En el transcurso de estas expediciones a caballo por tierras asturianas conoció lugares que no eran habituales para la mayoría de sus habitantes: Leitariegos, Tarna, Ventaniella, el desfiladero de los Beyos que, según nos cuenta, era «uno de esos cañones de ríos inverosímiles si se explican, asombradores si se contemplan». Nos habla con deleite del Nalón, río que conoció «desde sus fuentes principales, en las heladeras majestuosas de la Nalona, hasta el deslumbrante panorama de su desembocadura en Soto del Barco». Precisamente, a la incomparable visión que contemplaba desde un amplísimo balcón que se alza sobre el alto Nalón, dedicó sus mejores palabras. Cuenta que, tras avanzar a gatas hasta la misma arista volada sobre el abismo, pudo contemplar la sucesión de valles, montes, colinas, vegas y pueblos, que se derrumbaban delante suyo en inacabable sucesión. Y allí, en aquel incomparable escenario, lo vio, o quizás lo intuyó en la lejanía: «El Nalón corría allá, lejos, muy lejos, y detrás de los últimos límites, en el fondo brumoso, sobresaliendo sobre las nieblas, que sacudían sus pliegues sobre vegas y picachos, cortando el esplendor de una mañana gloriosa de luz, un telón inmenso, azul cobalto oscuro, confundido en línea indecisa con el celeste del infinito, se desplegaba en el horizonte: ¡era el mar!»¡El mar! ¡La serena majestuosidad del océano! ¡Como lo echó de menos durante aquellos largos meses que permaneció postrada en cama, luchando contra las fiebres palúdicas que la llevaron al borde de la muerte! Fue entonces cuando tomó la decisión de abandonar su casa de Pinto para ir a reencontrarse con el mar. Podría haber sido esta la ocasión para mudarse a Asturias, pero no, entonces decidió poner en marcha una granja avícola en Cueto, una pequeña localidad cántabra situada en las proximidades del mar y a unos pocos kilómetros del centro de Santander.

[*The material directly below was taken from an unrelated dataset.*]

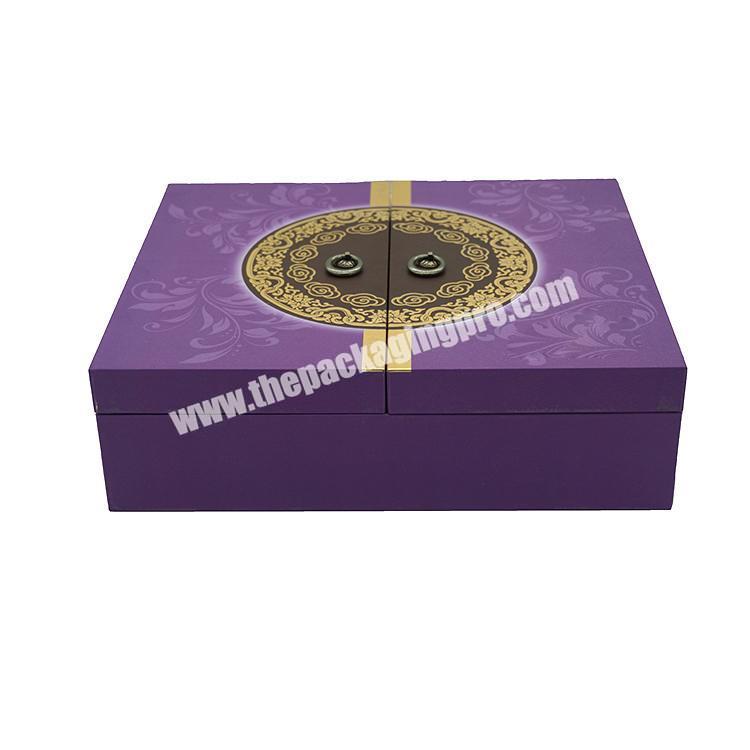 Customize printing gift paper moon cake packaging box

Allí estuvo varios años, dedicada por entero al cuidado de sus patos y gallinas. En aquel tiempo su actividad era incesante: salvo las seis horas reglamentarias de sueño y el preceptivo descanso de un par de horas que se tomaba en las tardes del domingo, momento que destinaba a sentarse en un acantilado próximo a su vivienda para contemplar la inmensidad del mar, todos los minutos de cada uno de los días estaban ocupados. Ya no había tiempo para expedición alguna, ni a pie ni a caballo.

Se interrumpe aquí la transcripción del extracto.